Why a Portuguese Jaunt is in Our Near Future
Portugal staggered dangerously close to the edge of bankruptcy in 2016, but a subsequent tourism boom (epic affordability + gorgeous country + mild climate = millions of visitors) has helped fuel the recovery. The upshot is a whole new crop of fabulous places to stay, layered over centuries -- and in some cases millennia -- of history.
Bonus: Portugal takes the concept of a town and country vacation to new heights—because “country,” in this case, could mean a nearly 8,000-foot volcanic peak in the middle of the Atlantic. More on that -- and the other big local draws for us -- below:
One of the Best Climates in Europe
With more than 300 days of sunshine annually, Portugal is welcoming year-round. And its beaches -- which tend to be mobbed in summer -- come with a lot more breathing room (and extra-great prices) in winter. So now is a great time to see everything from the Algarve’s ancient castles to Nazare’s surfer-luring swell (Europe’s notorious big wave season is in high gear).
Old World Wonder
Portugal’s borders have remained almost unchanged for close to 1000 years, and though most of its ancient buildings were destroyed by an earthquake in 1755, history buffs can still tour the remarkable monuments that have withstood the test of time, from the 12th century Monastery of Alcobaça to the 16th century Belém Tower. Newer old-world touches include the beloved wooden trams that crisscross Lisbon -- and fill the Instagram accounts of everyone who visits.
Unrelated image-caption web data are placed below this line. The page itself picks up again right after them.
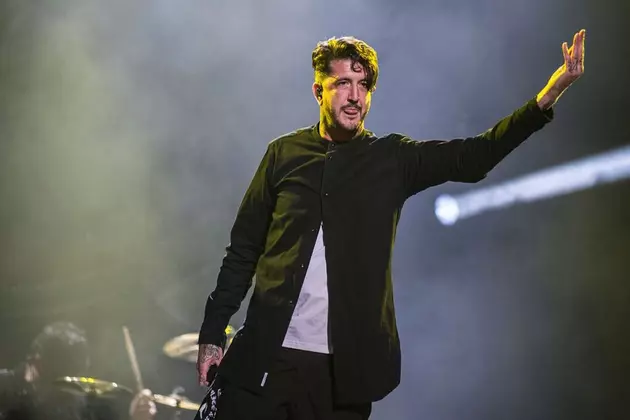Former Of Mice &#038; Men Vocalist Austin Carlile Enters Intensive Physical Therapy Program, Offers Health Update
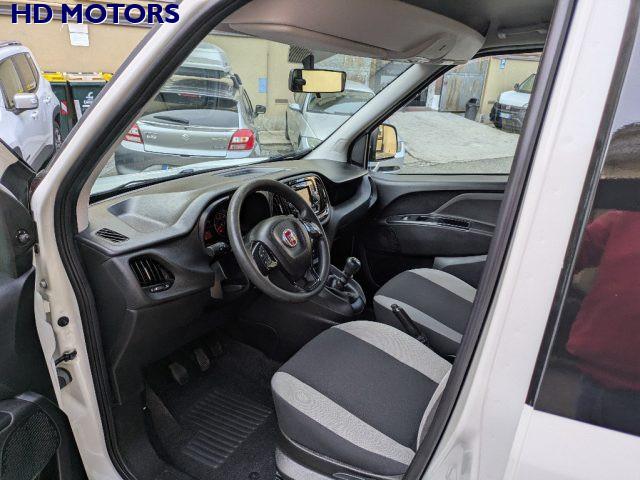 FIAT doblò 1.4 T-Jet PC Combi N1 Lounge 5 posti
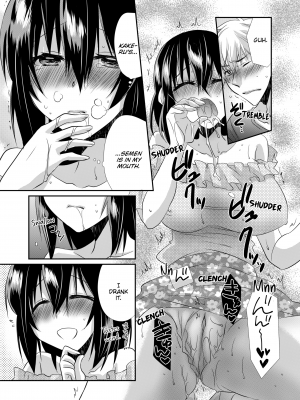 [Kaikandrug (Kinako Yakumo)] My First Time Is With My Brother... A Pure Sister Gets Corrupted! Volume 1 (x3200) [FAKKU & MediBang!] [無修正]_61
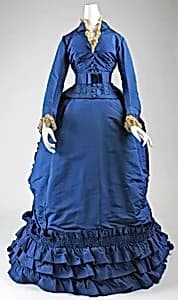 Dress by Unknown Artist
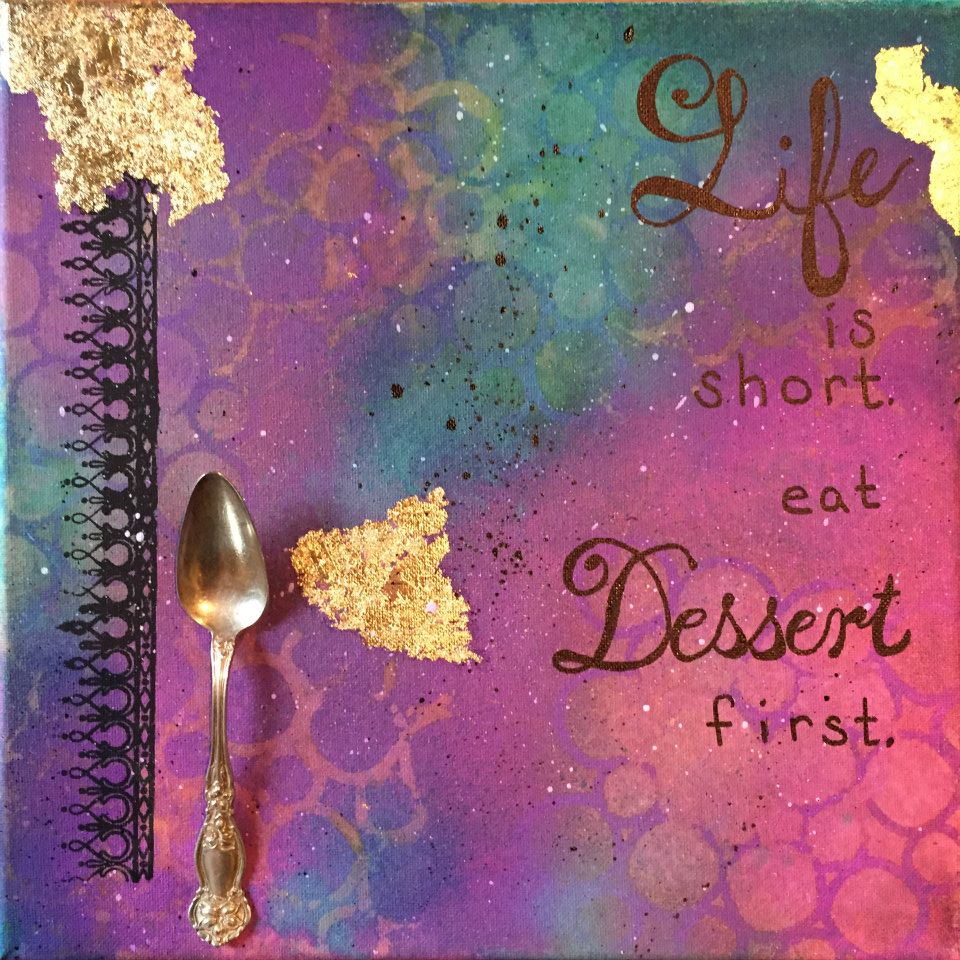 Vanilla Beans and Daydreams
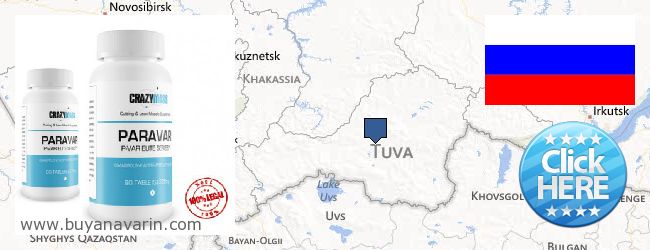 Where to Buy Anavar online Tyva Republic, Russia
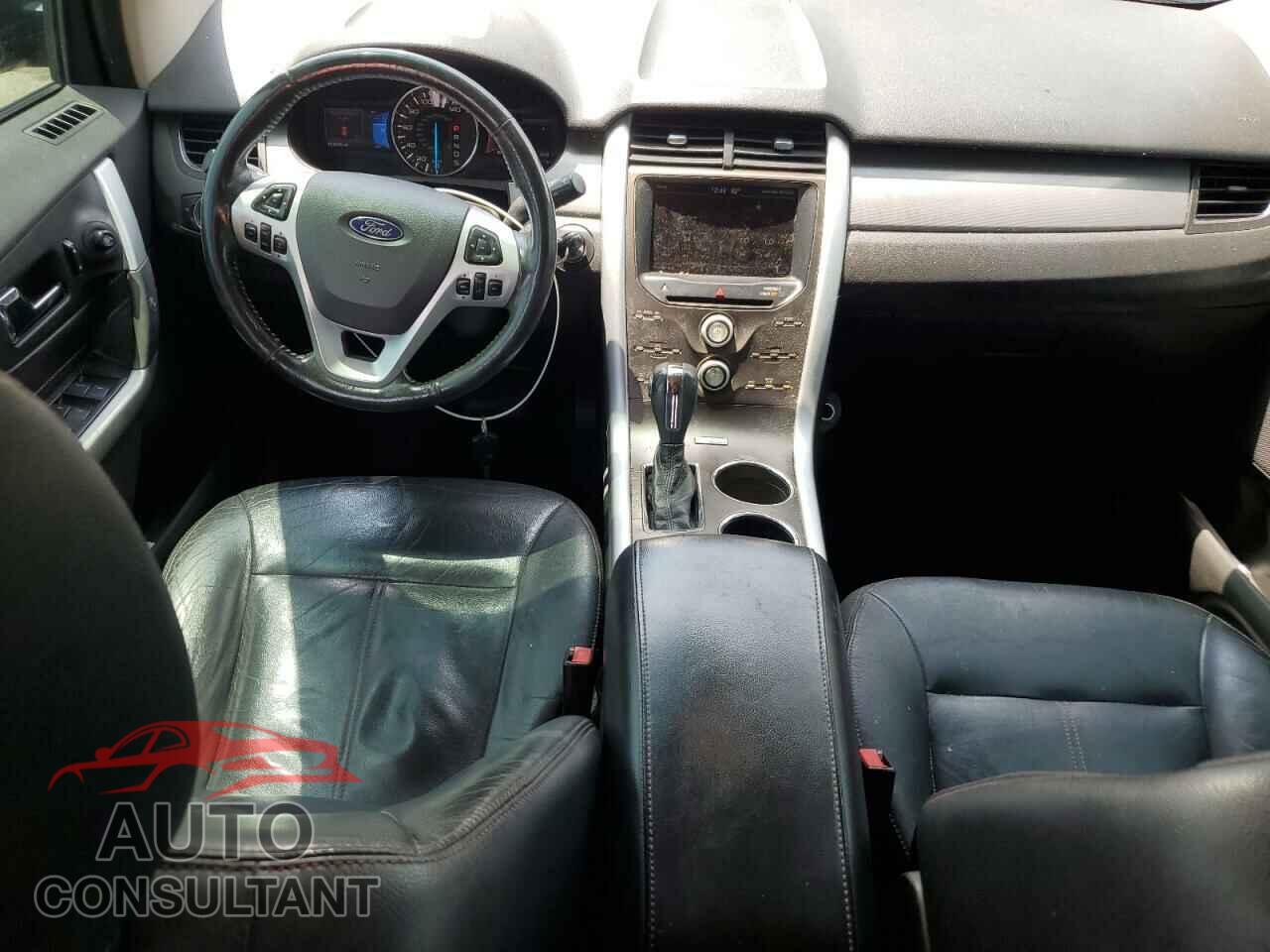 FORD EDGE 2013 - 2FMDK3JC8DBB35281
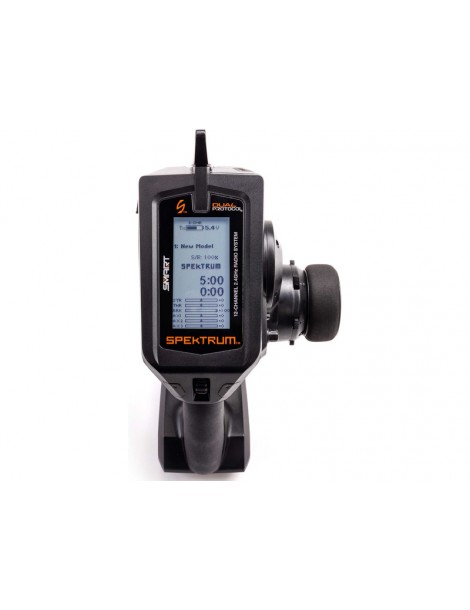 Spektrum DX Pro+ 12CH DSMR+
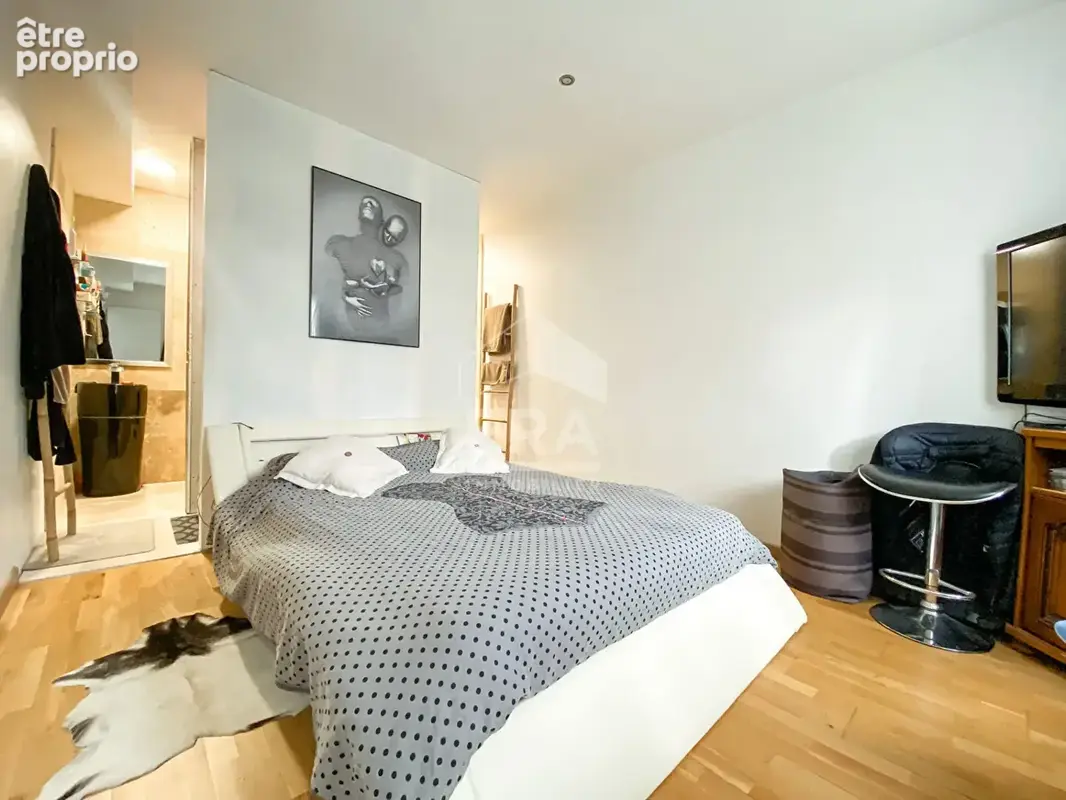 Maison de 100 m2 habitables - Sartrouville - photo 4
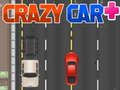 Jeu Voiture folle  en ligne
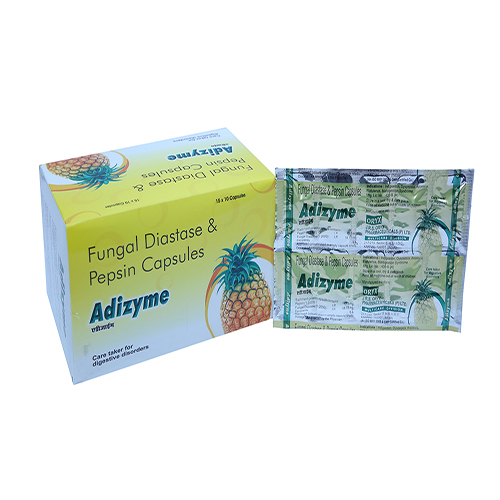 Adizyme Capsules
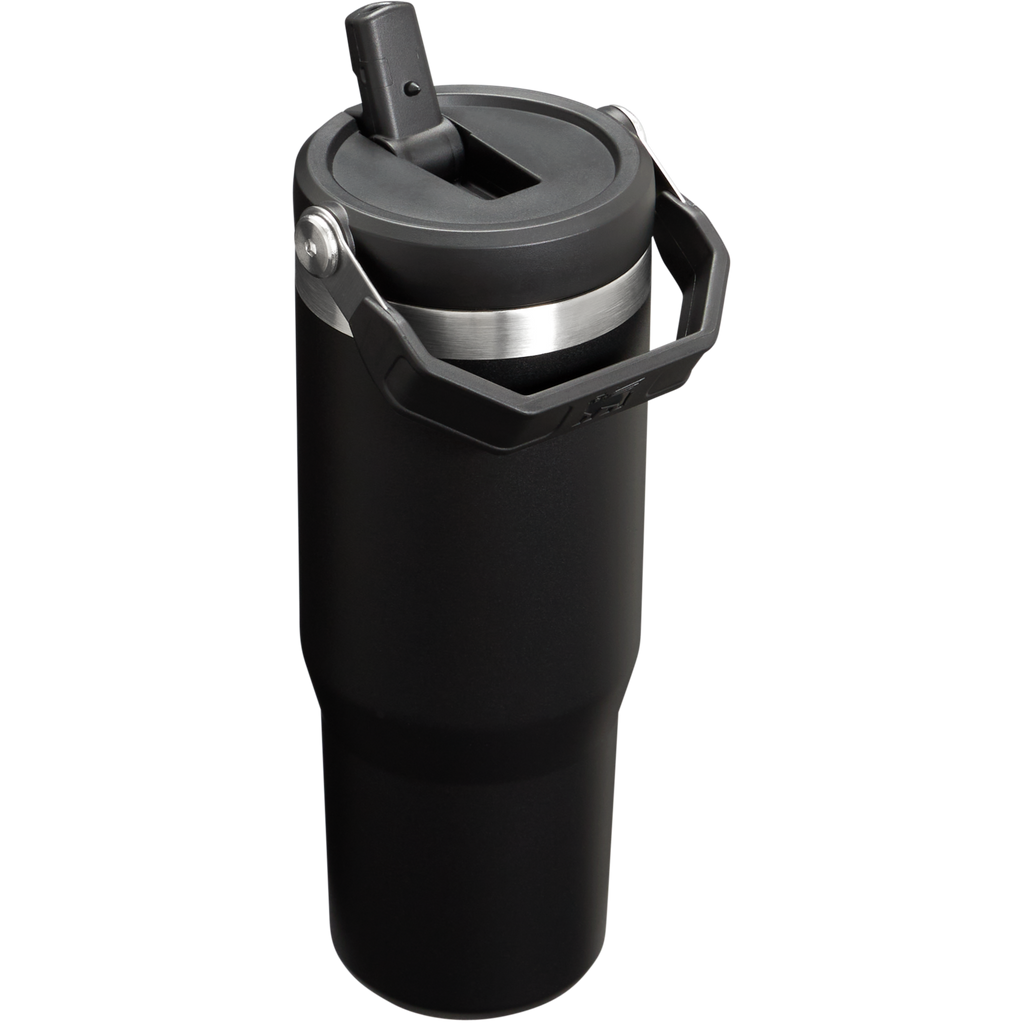 The IceFlow™ Flip Straw Tumbler| 30 OZ
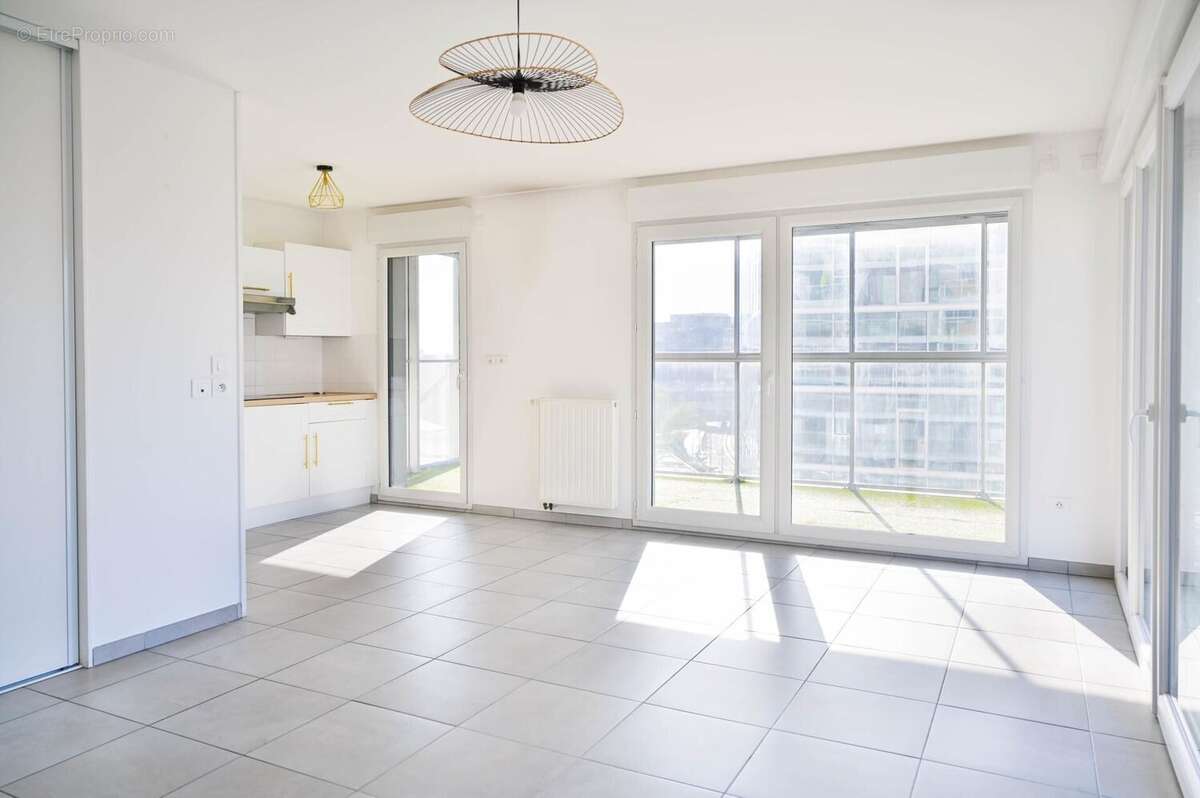 Photo 3 - Appartement à NANTES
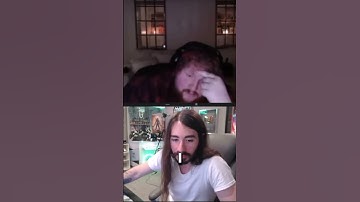 Case tries to get help from Charlie! #caseoh  #fyp #moistcr1tikal #minecraft #real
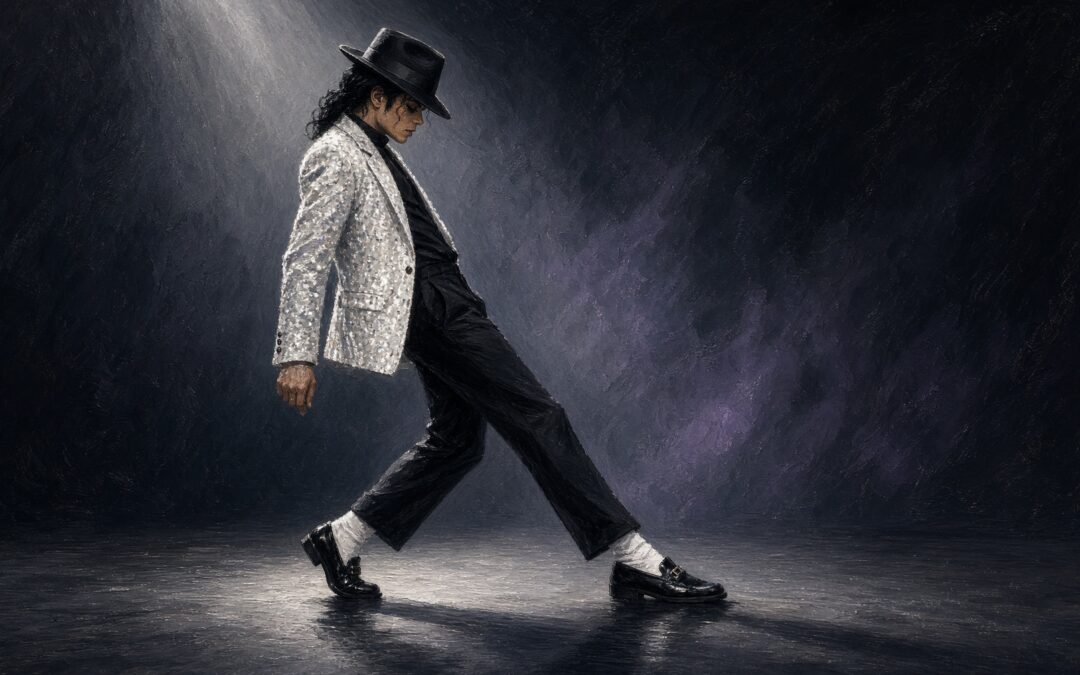 Michael Jackson Documentary: Real Footage, No Actors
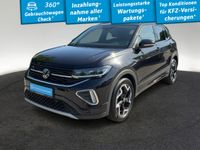 Volkswagen T-Cross - Vorschau Bild 2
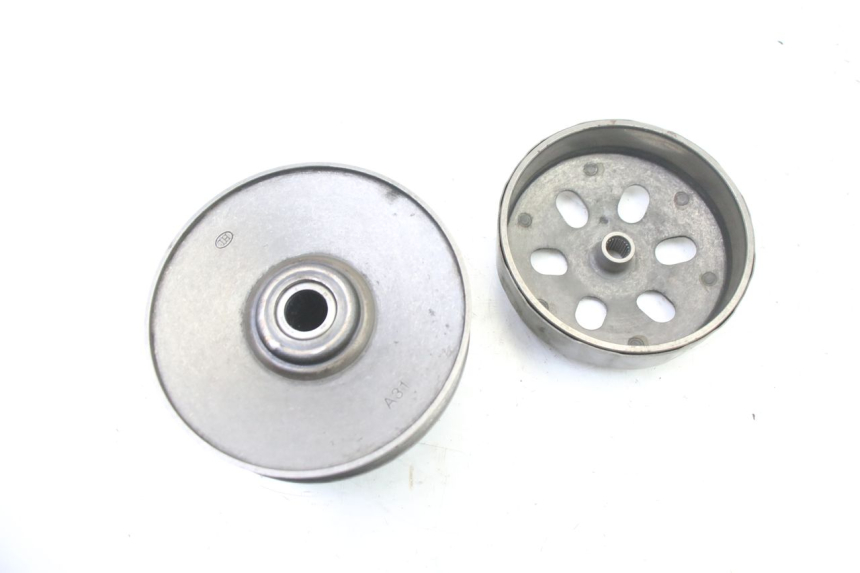 photo de EMBRAYAGE SYM FIDDLE 2 50 (2008 - 2013)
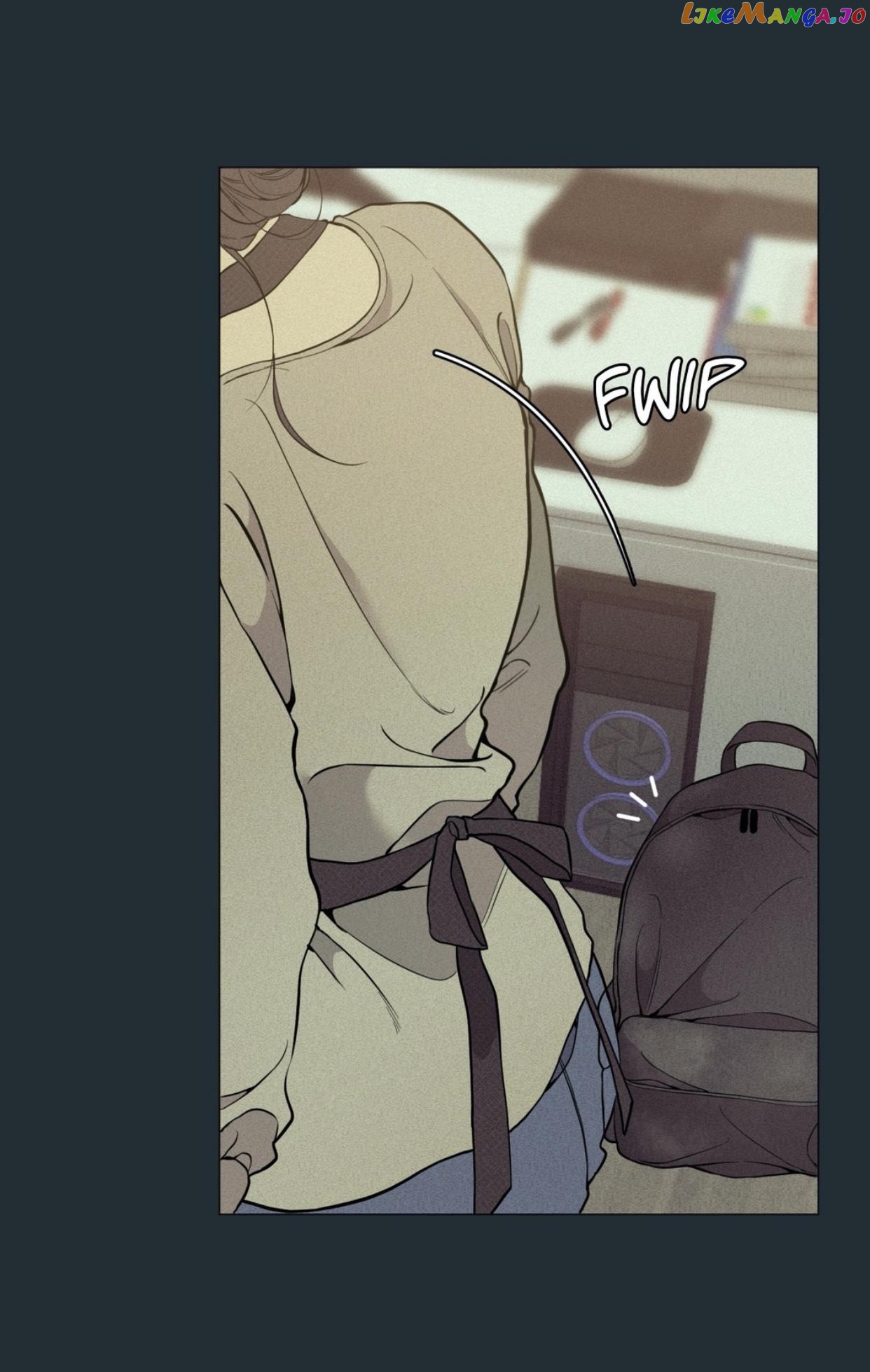 Lost In The Cloud chapter 35 - page 37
Adventures on the Volcanic Islands
A trip to the Azores, a chain of nine islands in the middle of the Atlantic, unlocks a world of mud pots, hot springs, volcanic steam vents, more than thirty Blue Flag beaches and an impressive list of UNESCO World Heritage sites -- for starters, the centuries-old, stone wall-protected vineyards. This is also home to the aforementioned nearly 8,000-foot peak -- Mount Pico -- Portugal’s tallest. Hike at least a section of this icon (with a guide) for pastoral prettiness that quickly gives way to stunning sea views.
TAP Stopover Program
All transatlantic flights on this Portuguese carrier include the option of a stopover in Lisbon or Porto. For passengers with layovers longer than 24 hours, the deal is sweetened with the likes of free wine, museum tickets and hotel discounts. If you go the stopover route, you have up to five days to get to know, say, Lisbon’s Fado scene, or Porto’s vineyards and Gothic architecture– without paying any additional airfare. TAP flies daily from JFK, Newark, Boston and Miami Airports.
Champagne taste on a beer budget
Though alcohol is typically one of the most expensive elements of a trip, not so here: Portugal’s bottles of award-winning wine often sell for less than a glass in Manhattan. And reaching one of the most renowned wine-producing regions -- the UNESCO World Heritage-designated Alto Douro -- got easier last year with the opening of a tunnel through the Serra do Marao mountains.